T-rays could probe materials at unprecedented level of detail

Powerful pulses of terahertz radiation (T-rays) could be used to probe the fine internal structure of materials at an unprecedented level of detail.

A team of researchers from France and the UK have built a T-ray laser that is around 10,000 times more powerful than any similar device and can emit in separate pulses rather than a continuous stream.

Terahertz radiation — which refers to the far-infrared and microwave portion of the electromagnetic spectrum — is an area of increasing interest to scientists and engineers.

The technology was first developed by astronomers for detecting cosmic T-rays, but in the past decade or so there has been considerable progress in producing and detecting T-rays from terrestrial sources.

Active systems that emit T-rays then detect and image the resulting absorption and reflection patterns are now commercially available, while passive systems that can detect endogenous T-rays from various objects are also under development.

The method used by the current team is based on quantum cascade lasers that use a semiconductor as an active medium. They devised a way of ‘mode locking’ the laser by modulating its bias current with a radio-frequency synthesiser.

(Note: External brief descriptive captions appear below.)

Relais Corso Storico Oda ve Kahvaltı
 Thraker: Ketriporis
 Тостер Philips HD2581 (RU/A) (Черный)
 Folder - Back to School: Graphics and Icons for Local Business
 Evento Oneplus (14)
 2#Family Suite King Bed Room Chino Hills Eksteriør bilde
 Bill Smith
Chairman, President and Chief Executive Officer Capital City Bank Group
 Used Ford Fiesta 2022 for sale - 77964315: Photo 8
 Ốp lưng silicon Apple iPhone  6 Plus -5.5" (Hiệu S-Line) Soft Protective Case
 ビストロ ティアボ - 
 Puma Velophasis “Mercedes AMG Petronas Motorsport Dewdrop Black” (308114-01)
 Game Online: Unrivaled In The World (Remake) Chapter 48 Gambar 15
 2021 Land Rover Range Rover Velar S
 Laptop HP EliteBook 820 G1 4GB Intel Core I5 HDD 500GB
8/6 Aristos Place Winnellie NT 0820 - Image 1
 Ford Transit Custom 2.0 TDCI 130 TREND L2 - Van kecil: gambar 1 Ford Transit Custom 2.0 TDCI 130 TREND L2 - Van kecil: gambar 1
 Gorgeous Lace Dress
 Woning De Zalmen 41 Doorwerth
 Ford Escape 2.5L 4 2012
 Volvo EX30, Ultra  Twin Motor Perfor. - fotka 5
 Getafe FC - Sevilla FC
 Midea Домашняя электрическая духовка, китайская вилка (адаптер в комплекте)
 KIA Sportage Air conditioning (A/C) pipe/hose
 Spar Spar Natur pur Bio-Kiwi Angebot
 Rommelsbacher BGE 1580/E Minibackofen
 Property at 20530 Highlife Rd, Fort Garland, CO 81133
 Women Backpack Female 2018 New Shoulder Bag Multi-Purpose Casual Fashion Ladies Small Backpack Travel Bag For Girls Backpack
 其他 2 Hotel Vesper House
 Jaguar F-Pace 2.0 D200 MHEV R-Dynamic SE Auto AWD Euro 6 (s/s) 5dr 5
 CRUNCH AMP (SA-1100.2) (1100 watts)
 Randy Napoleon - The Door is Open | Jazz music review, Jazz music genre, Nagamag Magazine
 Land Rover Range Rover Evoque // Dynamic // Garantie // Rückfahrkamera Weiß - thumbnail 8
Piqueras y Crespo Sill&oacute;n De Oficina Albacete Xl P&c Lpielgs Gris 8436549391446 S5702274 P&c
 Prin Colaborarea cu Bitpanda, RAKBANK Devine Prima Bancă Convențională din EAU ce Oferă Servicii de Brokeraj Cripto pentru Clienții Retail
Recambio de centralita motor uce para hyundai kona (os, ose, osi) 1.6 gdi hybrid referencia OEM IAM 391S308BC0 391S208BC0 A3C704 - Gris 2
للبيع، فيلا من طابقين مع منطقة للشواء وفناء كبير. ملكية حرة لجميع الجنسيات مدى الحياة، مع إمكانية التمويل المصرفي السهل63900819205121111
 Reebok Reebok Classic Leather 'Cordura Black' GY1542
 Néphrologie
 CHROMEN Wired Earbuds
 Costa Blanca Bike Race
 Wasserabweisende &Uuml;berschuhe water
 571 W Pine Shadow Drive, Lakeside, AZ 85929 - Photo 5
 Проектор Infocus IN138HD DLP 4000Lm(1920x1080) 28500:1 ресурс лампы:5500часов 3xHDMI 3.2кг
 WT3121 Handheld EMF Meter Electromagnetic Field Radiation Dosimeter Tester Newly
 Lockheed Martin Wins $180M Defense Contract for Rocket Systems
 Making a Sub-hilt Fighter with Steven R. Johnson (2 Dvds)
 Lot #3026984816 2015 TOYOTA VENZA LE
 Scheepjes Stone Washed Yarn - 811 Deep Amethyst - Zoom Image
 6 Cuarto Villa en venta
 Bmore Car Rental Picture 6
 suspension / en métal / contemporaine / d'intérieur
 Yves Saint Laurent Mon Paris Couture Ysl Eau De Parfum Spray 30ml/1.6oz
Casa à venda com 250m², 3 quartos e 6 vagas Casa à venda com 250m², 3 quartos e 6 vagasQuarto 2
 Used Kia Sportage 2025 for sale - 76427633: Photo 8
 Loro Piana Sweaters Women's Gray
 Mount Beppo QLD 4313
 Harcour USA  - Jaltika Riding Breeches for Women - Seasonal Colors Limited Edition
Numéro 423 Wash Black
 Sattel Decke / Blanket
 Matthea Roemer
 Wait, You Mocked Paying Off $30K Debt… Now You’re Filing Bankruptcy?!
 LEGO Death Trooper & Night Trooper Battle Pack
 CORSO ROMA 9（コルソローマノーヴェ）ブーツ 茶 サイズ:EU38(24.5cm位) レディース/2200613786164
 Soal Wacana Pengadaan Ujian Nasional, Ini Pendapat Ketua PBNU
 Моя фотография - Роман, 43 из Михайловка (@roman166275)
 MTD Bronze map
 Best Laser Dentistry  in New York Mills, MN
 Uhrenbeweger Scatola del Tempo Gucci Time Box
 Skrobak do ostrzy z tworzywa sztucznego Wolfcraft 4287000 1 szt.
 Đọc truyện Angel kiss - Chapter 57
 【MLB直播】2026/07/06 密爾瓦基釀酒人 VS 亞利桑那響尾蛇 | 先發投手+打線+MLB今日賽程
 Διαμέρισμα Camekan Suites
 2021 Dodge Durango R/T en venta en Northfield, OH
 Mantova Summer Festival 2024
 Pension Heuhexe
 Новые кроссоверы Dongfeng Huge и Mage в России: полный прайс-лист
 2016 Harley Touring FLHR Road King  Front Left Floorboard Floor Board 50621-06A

The result was a powerful train of laser pulses that could be detected as a spectral signature.

‘This opens up opportunities for imaging that are not possible with passive systems, since one can investigate how the pulse shape is changed or delayed after propagating through a material,’ said Leeds University’s Prof Edmund Linfield, who worked on the project.

Linfield told The Engineer that the new method could offer spectroscopy at an unprecedented level of detail, probing structures at the nanoscale.

‘If we know that an object has a specific absorption line at a given frequency, say a rotational line of a gas molecule, we can tune our source so that all the power is focused at or close to this absorption line.’

The team has essentially validated its method and will now begin testing with materials in the lab, although Linfield stresses that the field of T-rays is still an emerging one.

‘There is not the “right” or “best” way of generating and detecting terahertz radiation as yet — each system has its advantages and disadvantages, depending on the targeted application. 

‘It is going to be exciting watching the field develop over the next decade and seeing whether a single terahertz technology will become the market leader.’

Researchers from Denis Didercot University in Paris and the French National Centre for Scientific Research (CNRS) also worked on the project, which was supported by the EPSRC, as well as several European grants.